---
id: 3d-human-modeling
title: "3D Human Modeling: Parametric Body Models, Mesh Recovery, and Digital Avatars"
schema_type: article
category: ai
language: en
confidence: medium
last_verified: "2026-05-28"
created_date: "2026-05-24"
generation_method: ai_structured
ai_models:
  - claude-4.5-sonnet
derived_from_human_seed: true
conflict_of_interest: none_declared
is_live_document: false
data_period: static
completeness: 0.85
atomic_facts:
  - id: af-3d-human-modeling-1
    statement: >-
      The SMPL paper introduced a skinned multi-person linear body model learned from registered
      body scans, with separate parameters for body shape and pose.
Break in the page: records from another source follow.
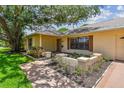 Charming home featuring manicured flower beds, beautiful exterior brickwork, and inviting landscaping at 1443 54Th Ne Ave, St Petersburg, FL 33703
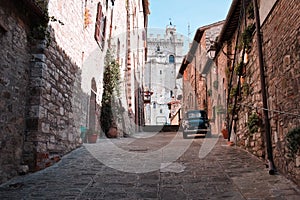 An alley of an Italian medieval village with an old car parked Gubbio, Umbria, Italy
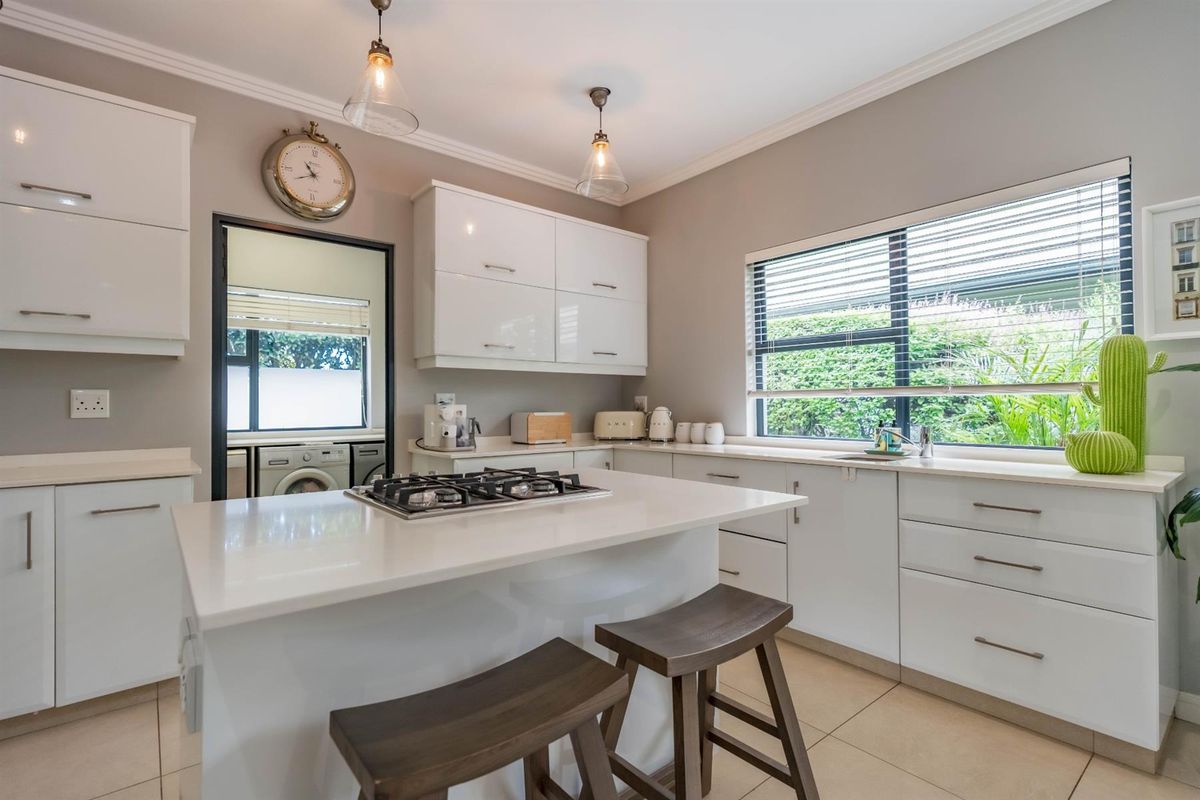 Modern kitchen featuring white cabinetry, stone countertops, a central island with a built-in gas hob, and large windows overlooking the garden.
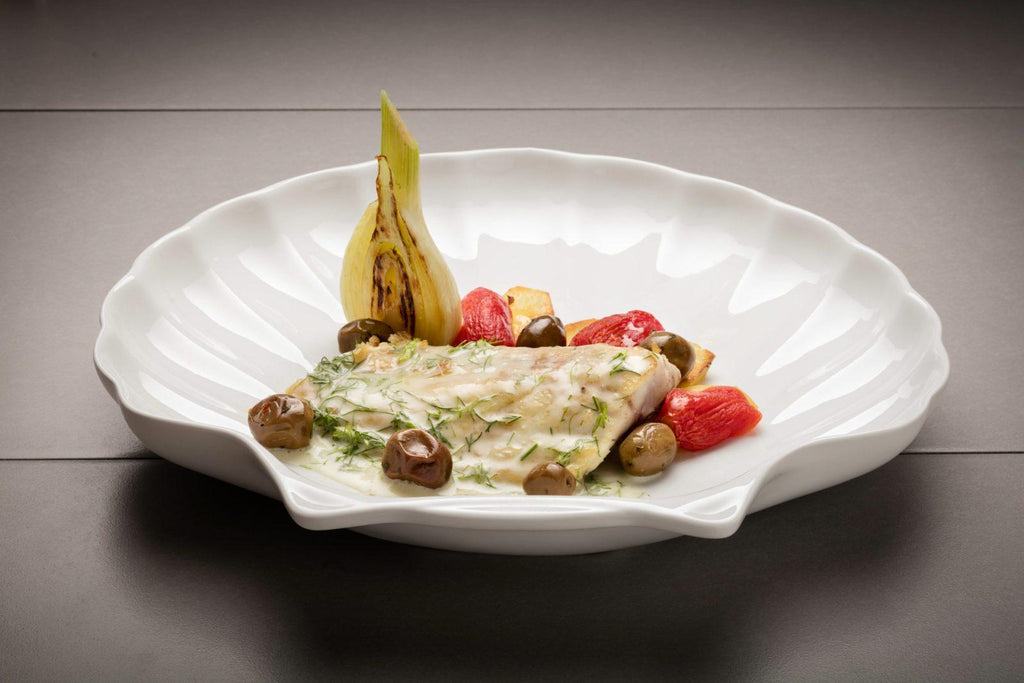 Baked sea bass with vermentino, olives and wild fennel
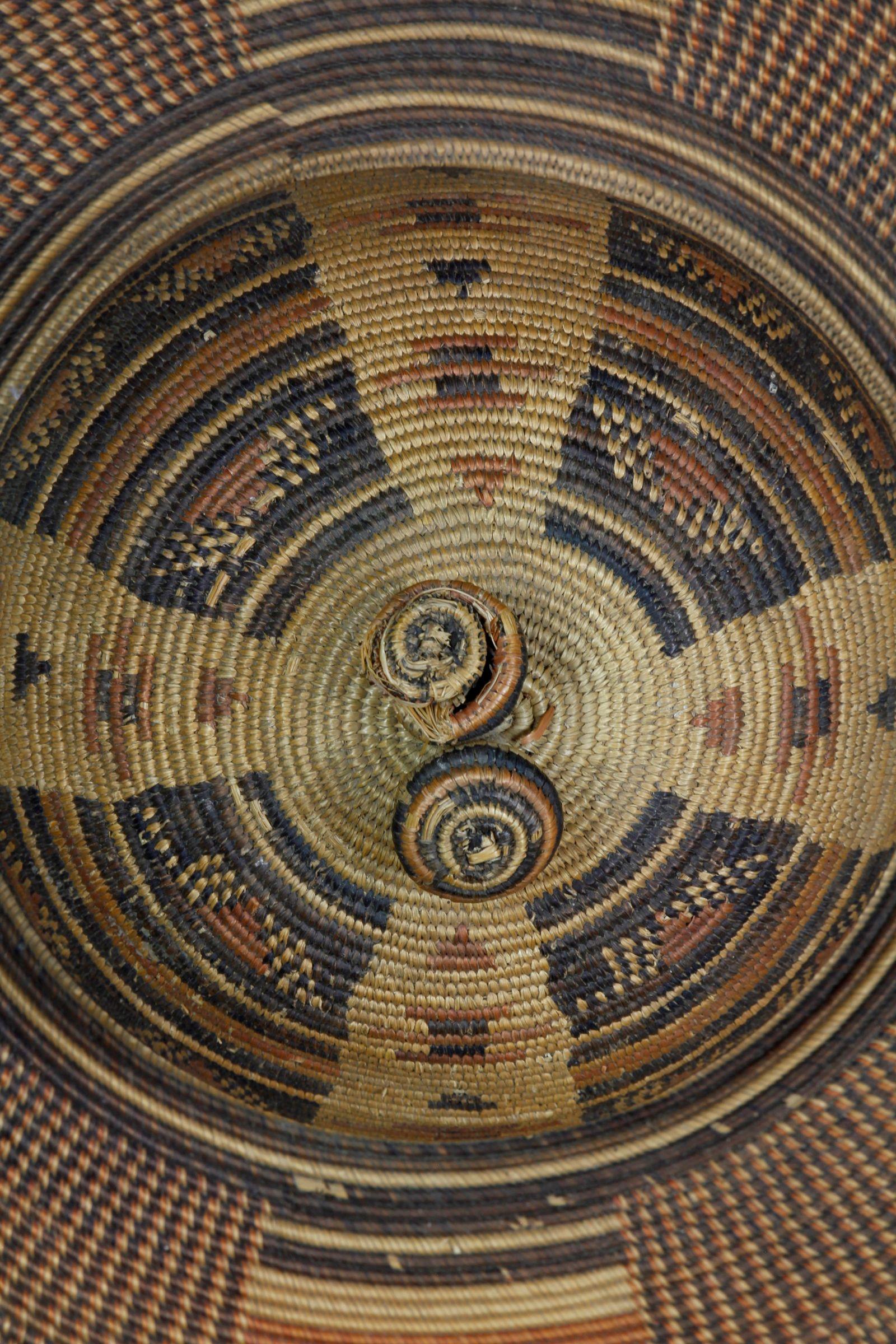 Ce chapeau en fibre d'herbe finement construit et décoré, provenant de la région du Kasaï en République démocratique du Congo, a été collecté dans les années 1930. Ce chapeau à larges bords a probablement été fabriqué pour le marché colonial précoce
    source_title: "SMPL: A Skinned Multi-Person Linear Model"
    source_url: https://doi.org/10.1145/2816795.2818013
    confidence: medium
  - id: af-3d-human-modeling-2
    statement: >-
      HMR reconstructs a full 3D human body mesh from a single RGB image by directly inferring SMPL
      shape and 3D pose parameters.
    source_title: End-to-end Recovery of Human Shape and Pose
    source_url: https://arxiv.org/abs/1712.06584
    confidence: medium
  - id: af-3d-human-modeling-3
    statement: >-
      SMPL-X extends SMPL with articulated hands and an expressive face, supporting full-body
      fitting from a single monocular image.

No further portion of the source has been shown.